:: Task details ::
Reproduce the records word for word, apart from the images they contain.

:: Material for this exercise ::
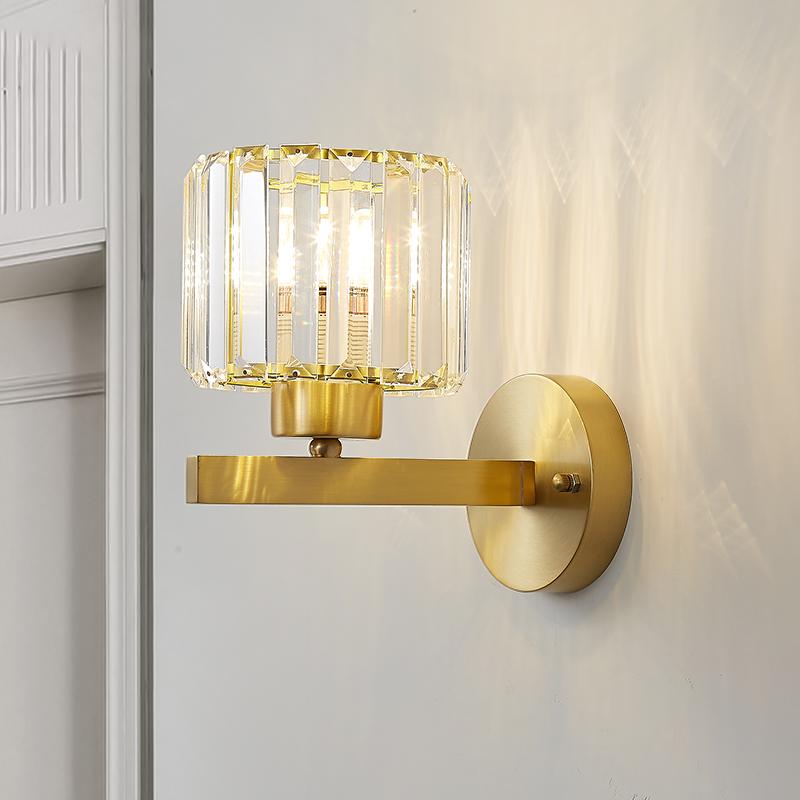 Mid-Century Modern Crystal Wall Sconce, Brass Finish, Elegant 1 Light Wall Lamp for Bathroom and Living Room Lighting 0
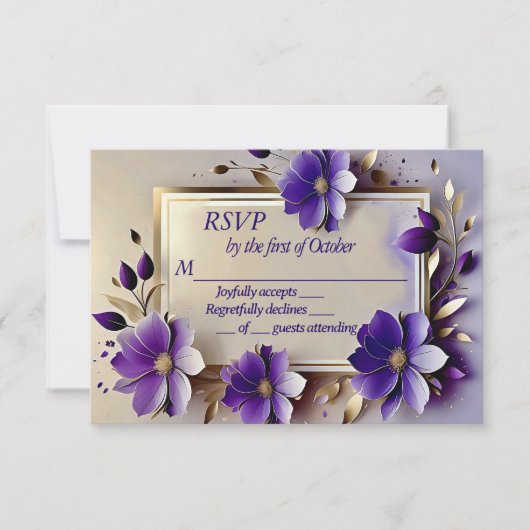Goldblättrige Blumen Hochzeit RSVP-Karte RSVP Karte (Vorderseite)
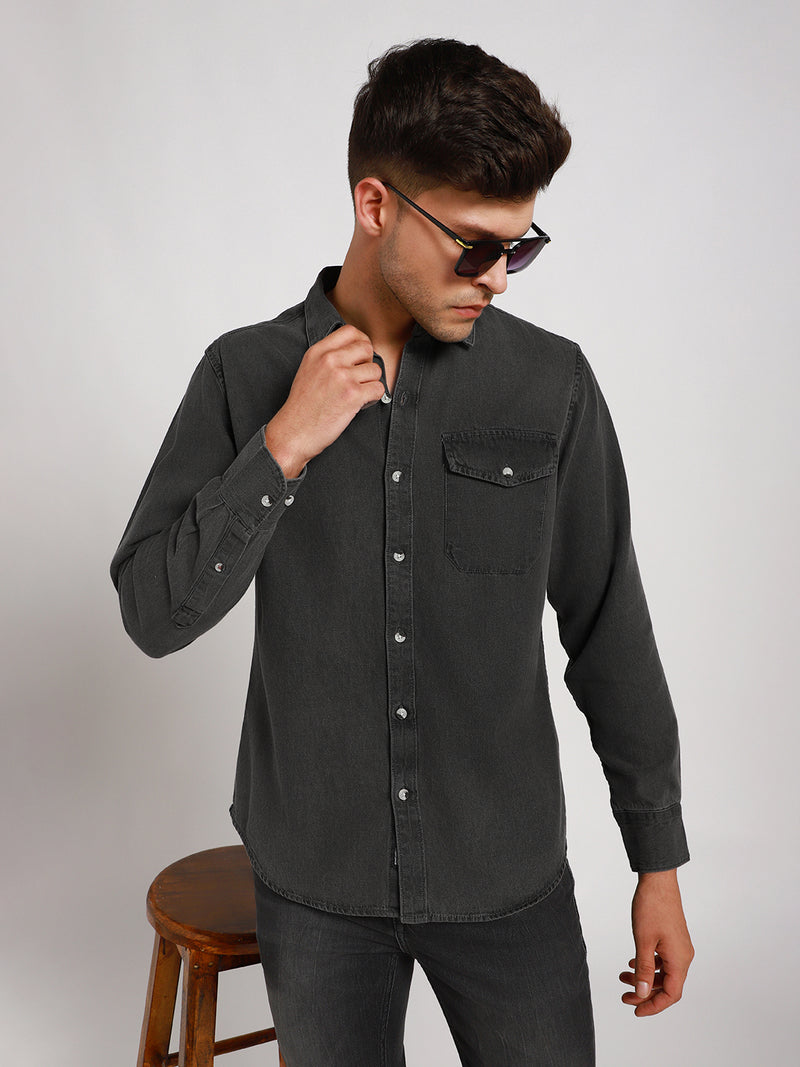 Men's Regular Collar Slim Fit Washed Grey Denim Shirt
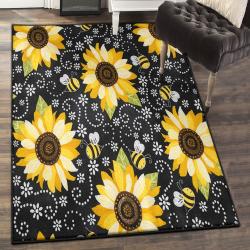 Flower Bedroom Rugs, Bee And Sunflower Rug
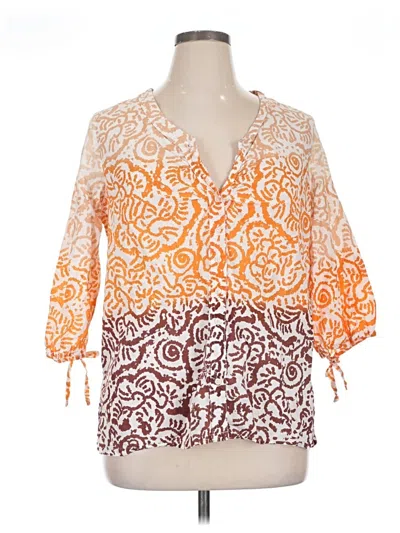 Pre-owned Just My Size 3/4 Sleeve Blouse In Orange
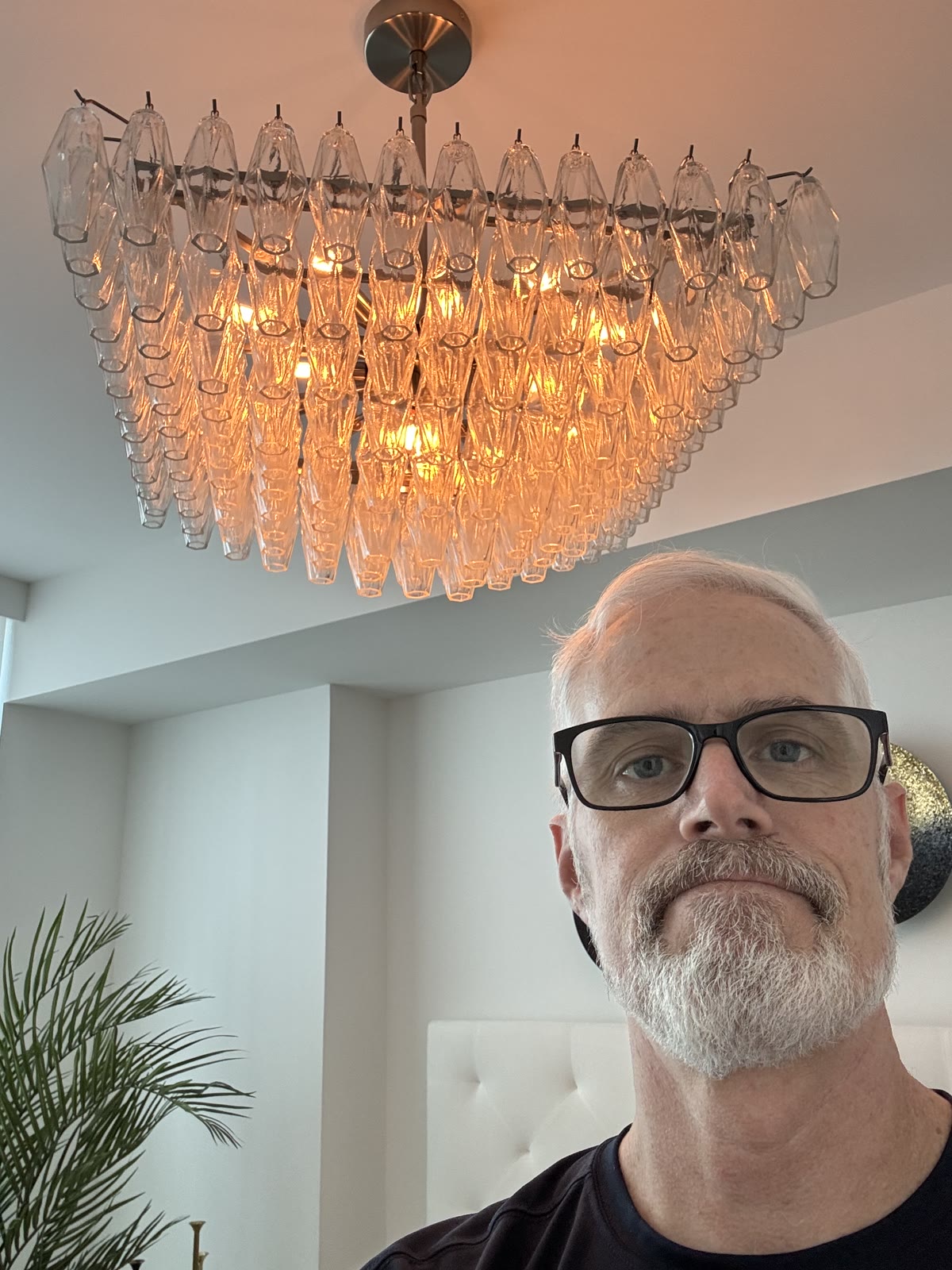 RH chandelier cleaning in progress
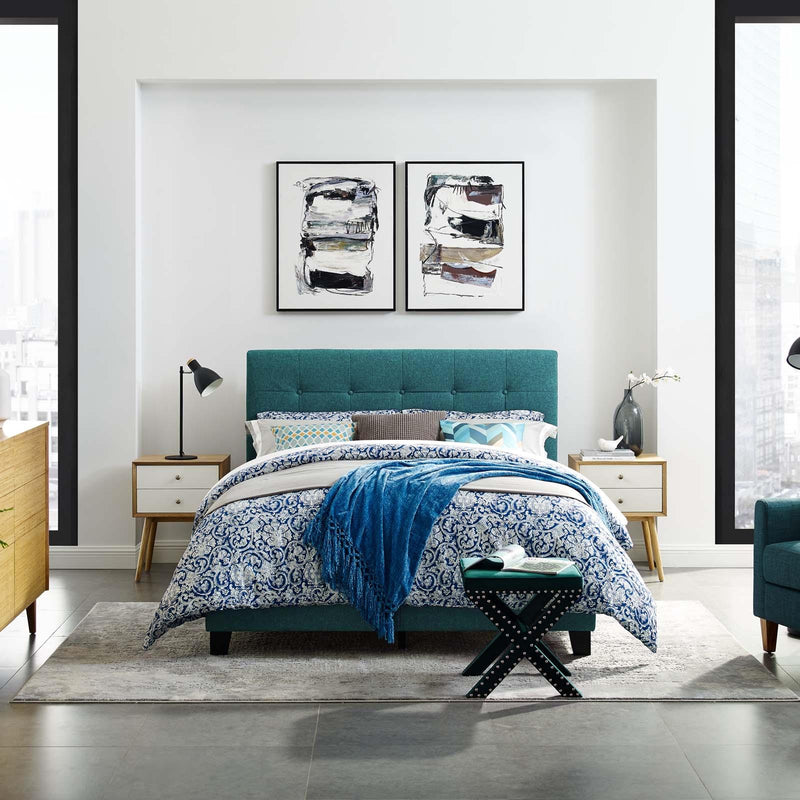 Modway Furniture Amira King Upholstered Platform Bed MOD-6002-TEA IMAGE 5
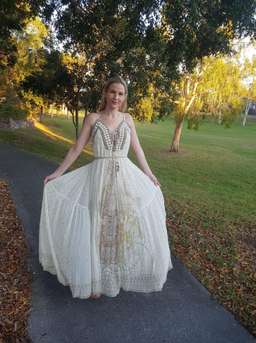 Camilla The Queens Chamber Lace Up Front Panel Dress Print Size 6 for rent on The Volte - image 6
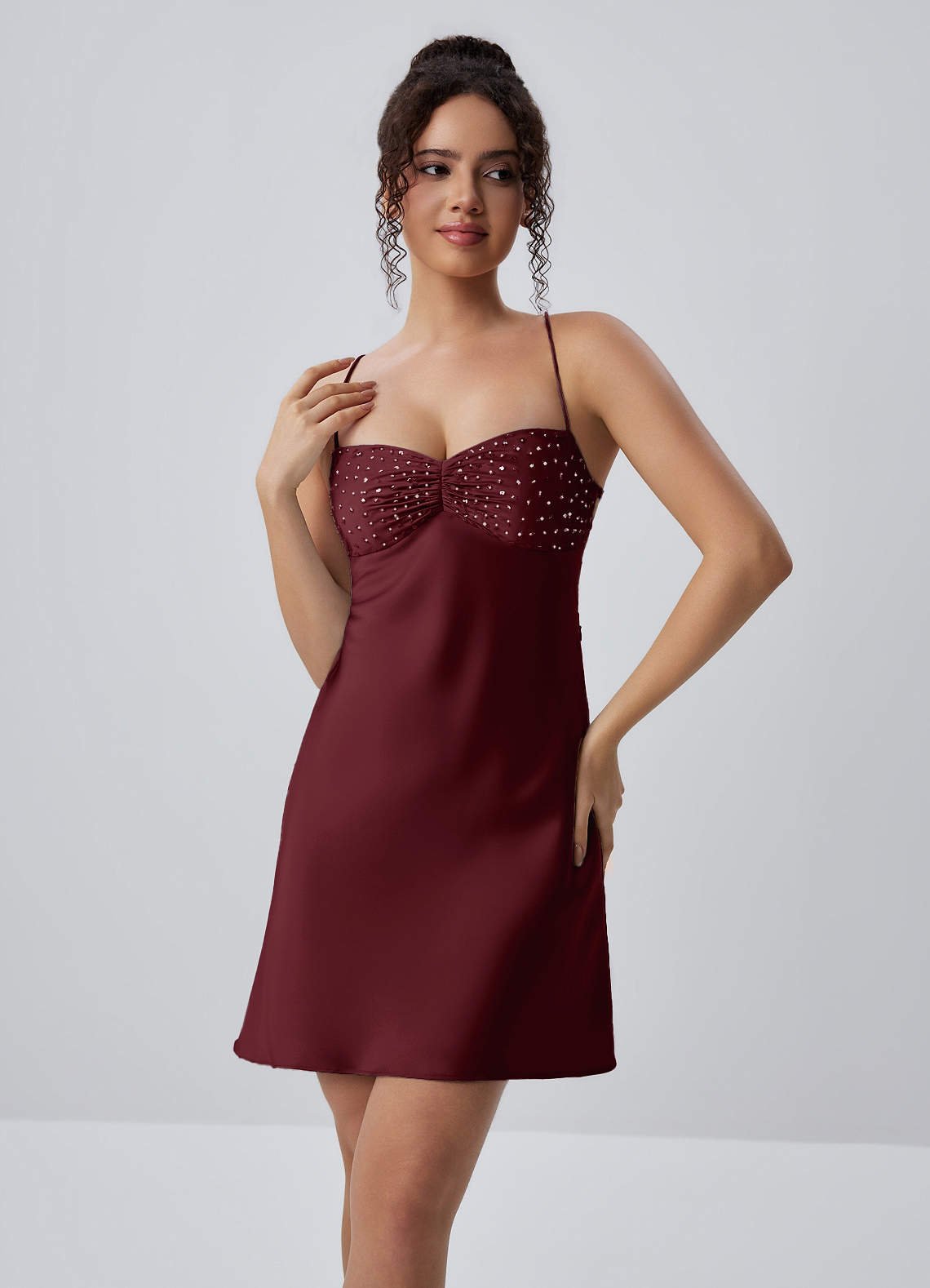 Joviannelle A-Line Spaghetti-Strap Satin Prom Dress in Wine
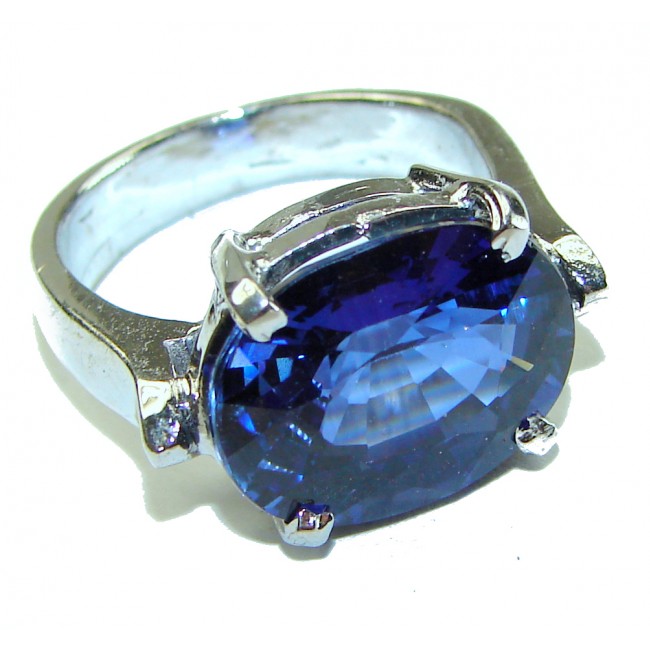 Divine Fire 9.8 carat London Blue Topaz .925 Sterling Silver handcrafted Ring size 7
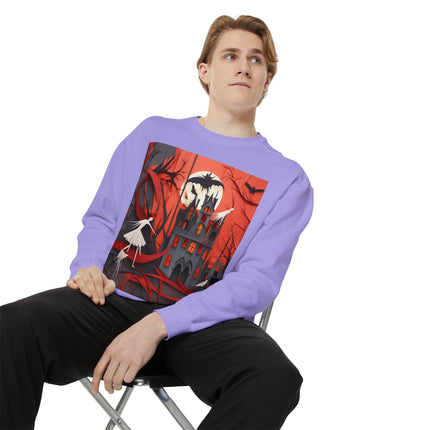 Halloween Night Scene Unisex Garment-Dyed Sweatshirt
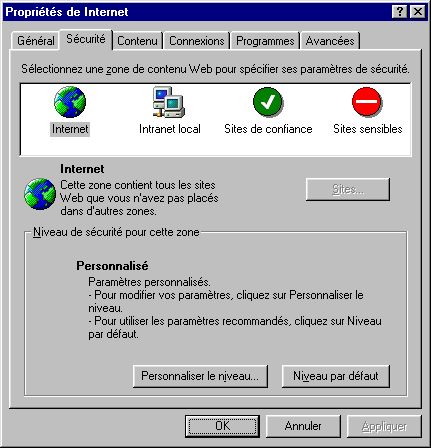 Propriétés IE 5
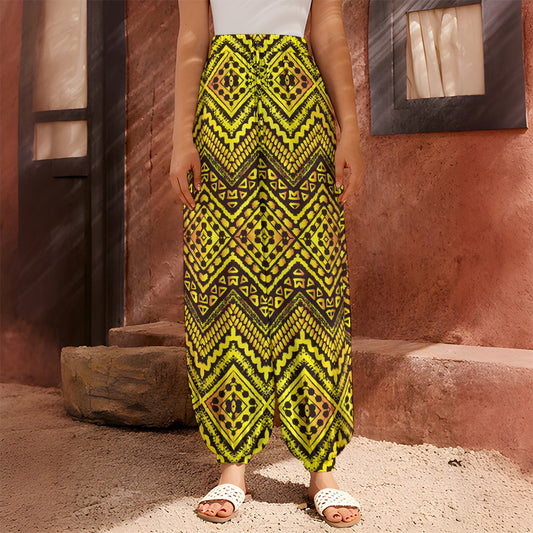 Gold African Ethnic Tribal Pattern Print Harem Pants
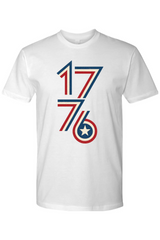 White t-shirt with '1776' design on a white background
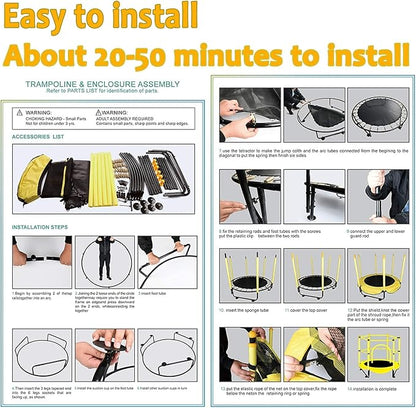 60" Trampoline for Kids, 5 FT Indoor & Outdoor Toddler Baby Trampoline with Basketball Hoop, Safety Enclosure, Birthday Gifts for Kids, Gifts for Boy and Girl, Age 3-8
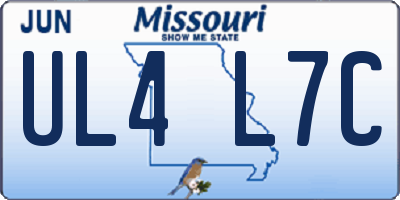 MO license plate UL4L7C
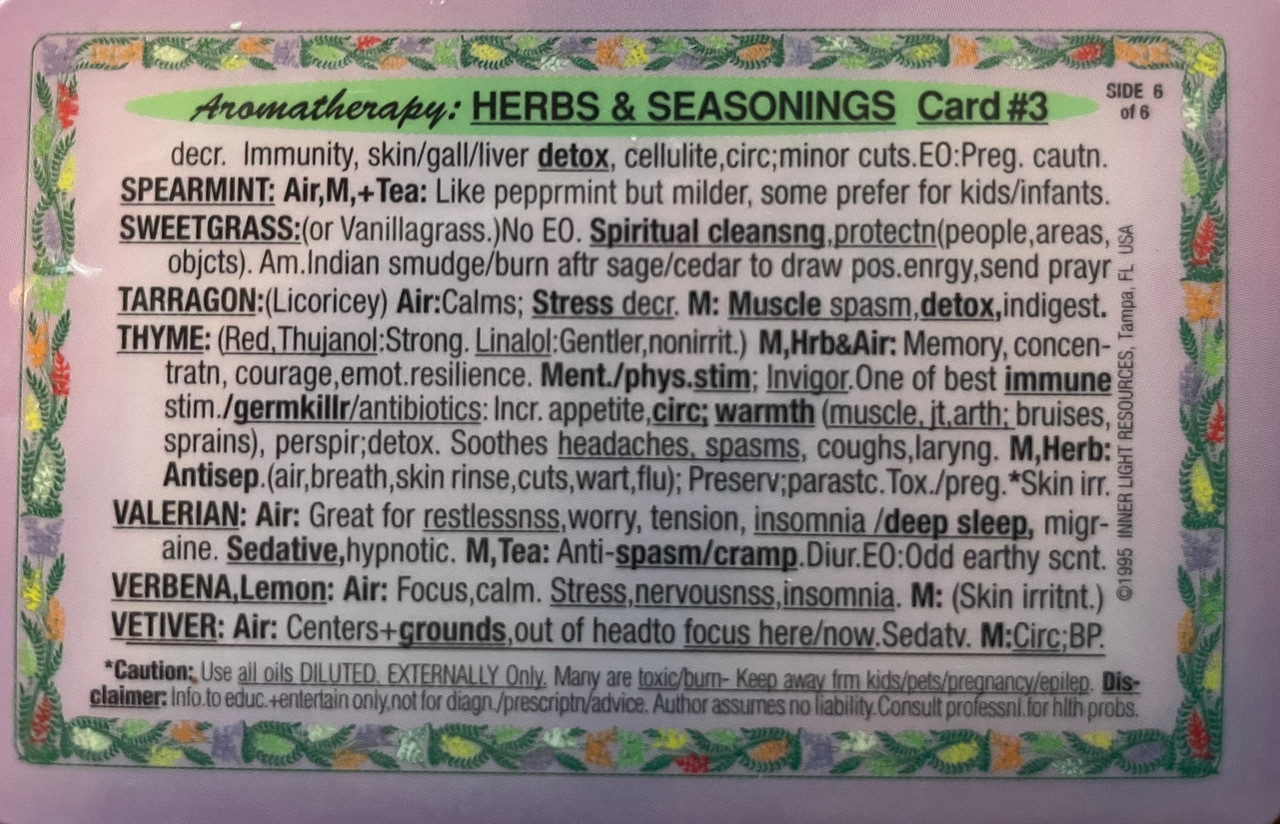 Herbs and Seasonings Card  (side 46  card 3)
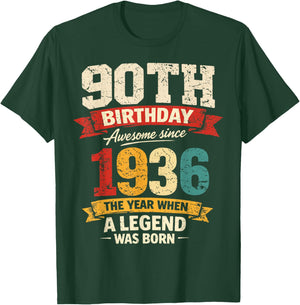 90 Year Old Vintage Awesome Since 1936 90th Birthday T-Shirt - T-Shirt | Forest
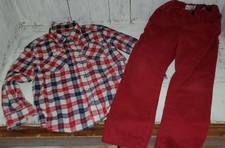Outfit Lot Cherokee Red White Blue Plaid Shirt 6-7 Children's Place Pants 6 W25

:: Exercise response ::
 Mid-Century Modern Crystal Wall Sconce, Brass Finish, Elegant 1 Light Wall Lamp for Bathroom and Living Room Lighting 0
Goldblättrige Blumen Hochzeit RSVP-Karte RSVP Karte (Vorderseite)
 Men's Regular Collar Slim Fit Washed Grey Denim Shirt
 Flower Bedroom Rugs, Bee And Sunflower Rug
 Pre-owned Just My Size 3/4 Sleeve Blouse In Orange
 RH chandelier cleaning in progress
 Modway Furniture Amira King Upholstered Platform Bed MOD-6002-TEA IMAGE 5
 Camilla The Queens Chamber Lace Up Front Panel Dress Print Size 6 for rent on The Volte - image 6
 Joviannelle A-Line Spaghetti-Strap Satin Prom Dress in Wine
 Divine Fire 9.8 carat London Blue Topaz .925 Sterling Silver handcrafted Ring size 7
 Halloween Night Scene Unisex Garment-Dyed Sweatshirt
 Propriétés IE 5
 Gold African Ethnic Tribal Pattern Print Harem Pants
 White t-shirt with '1776' design on a white background
 60" Trampoline for Kids, 5 FT Indoor & Outdoor Toddler Baby Trampoline with Basketball Hoop, Safety Enclosure, Birthday Gifts for Kids, Gifts for Boy and Girl, Age 3-8
 MO license plate UL4L7C
 Herbs and Seasonings Card  (side 46  card 3)
 90 Year Old Vintage Awesome Since 1936 90th Birthday T-Shirt - T-Shirt | Forest
Outfit Lot Cherokee Red White Blue Plaid Shirt 6-7 Children's Place Pants 6 W25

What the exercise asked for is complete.